- **DATA PROVIDED**

*-*-*

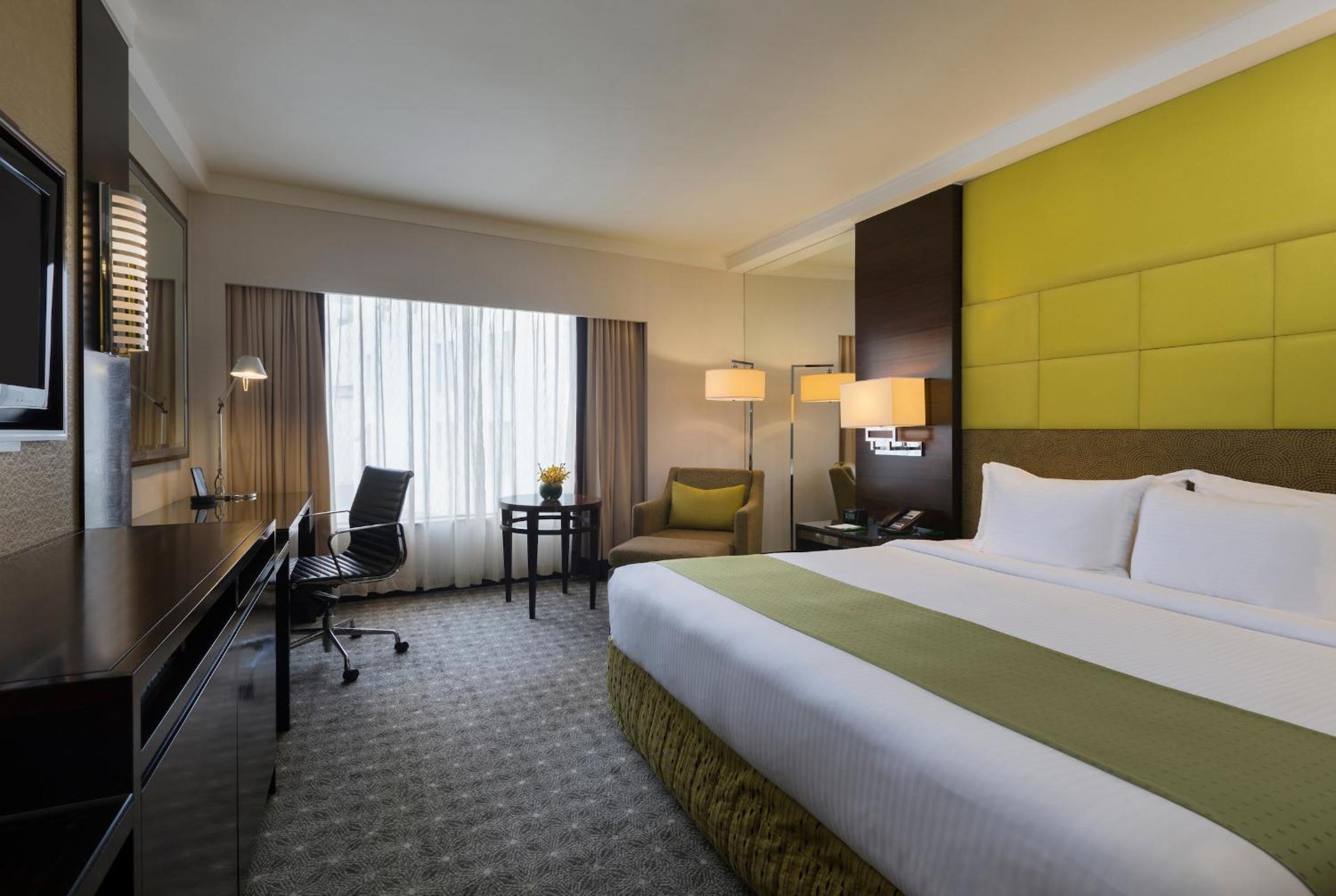 Junior King Suite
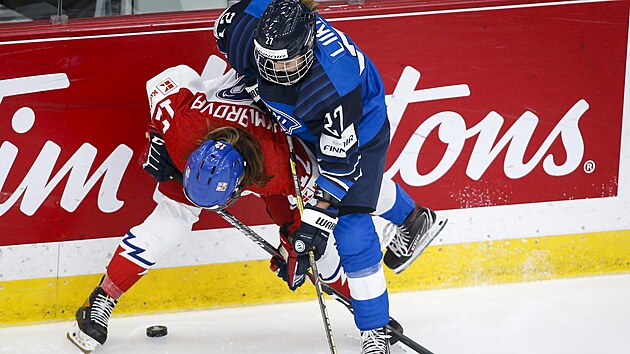 esk hokejistka Klra Hymlarov bojuje o puk s Finkou Juli Liikalaovou.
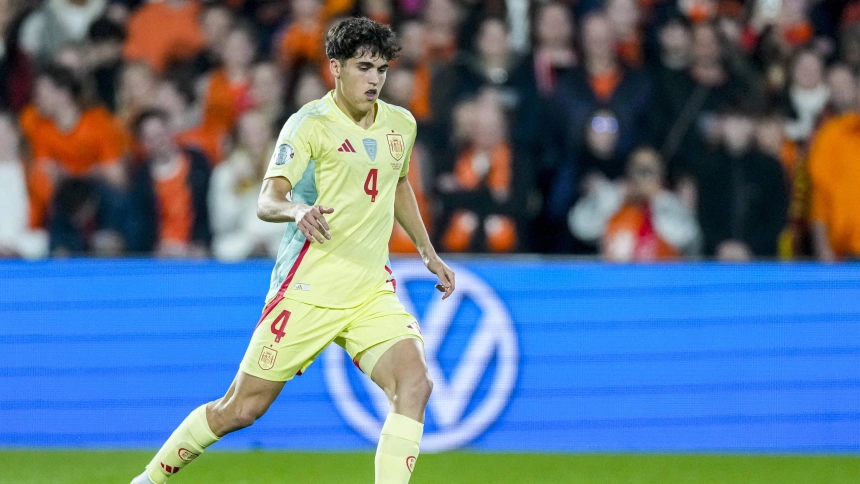 Pau Cubarsí, con la selección española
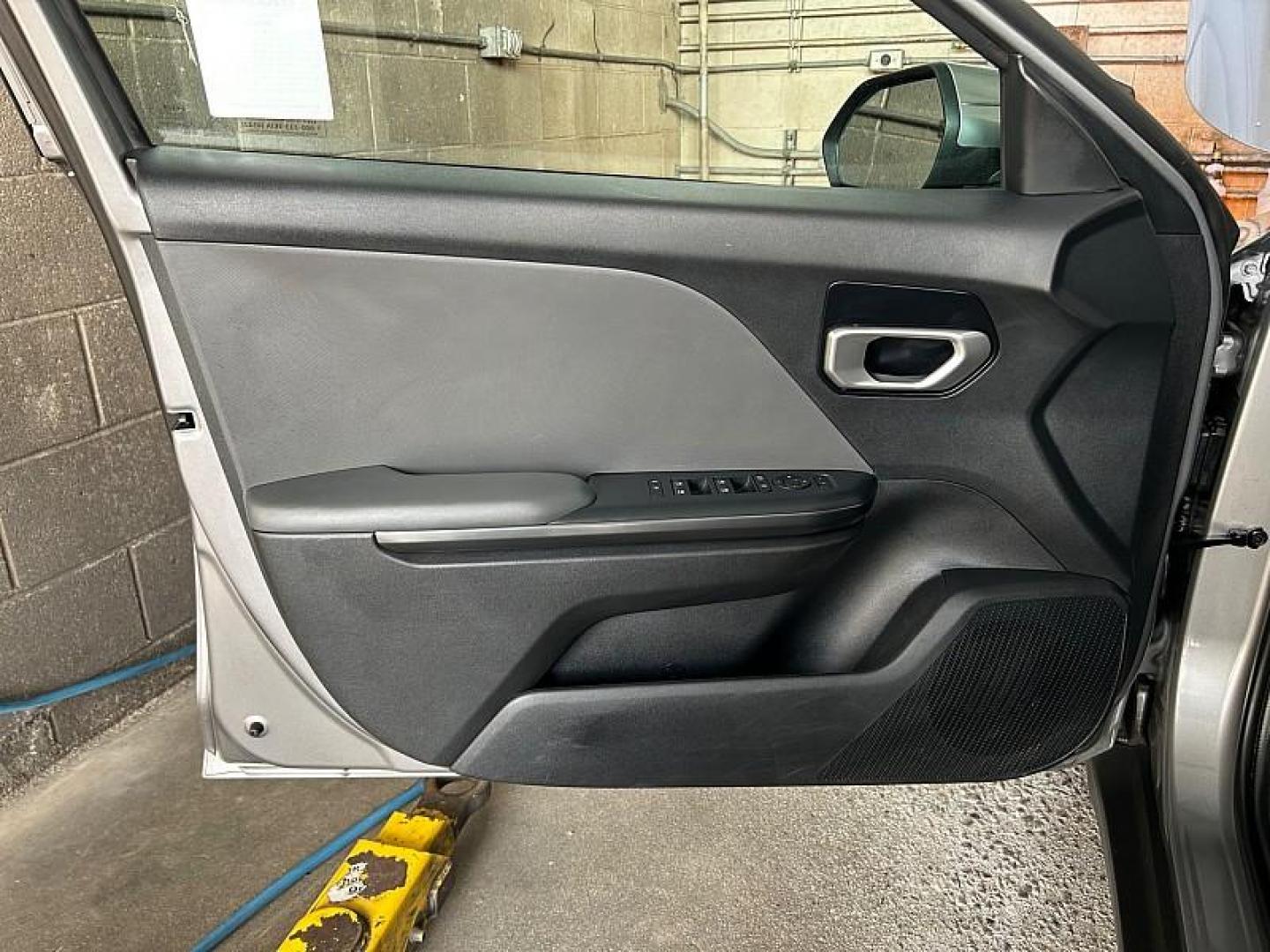 2025 GRAY Kia K4 (3KPFT4DE4SE) with an 4-Cyl 2.0 Liter engine, Automatic IVT transmission, located at 412 Auto Vista Drive, Palmdale, CA, 93551, (661) 945-0620, 34.592636, -118.136681 - Photo#9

*-*-*

- **WHAT IS NEEDED**
Your task is to copy word for word the lines from the line containing "Pau Cubarsí, con la selección española" to the end of the listing, both included, and to drop any pictures.

- **SOLUTION**
 Pau Cubarsí, con la selección española
 2025 GRAY Kia K4 (3KPFT4DE4SE) with an 4-Cyl 2.0 Liter engine, Automatic IVT transmission, located at 412 Auto Vista Drive, Palmdale, CA, 93551, (661) 945-0620, 34.592636, -118.136681 - Photo#9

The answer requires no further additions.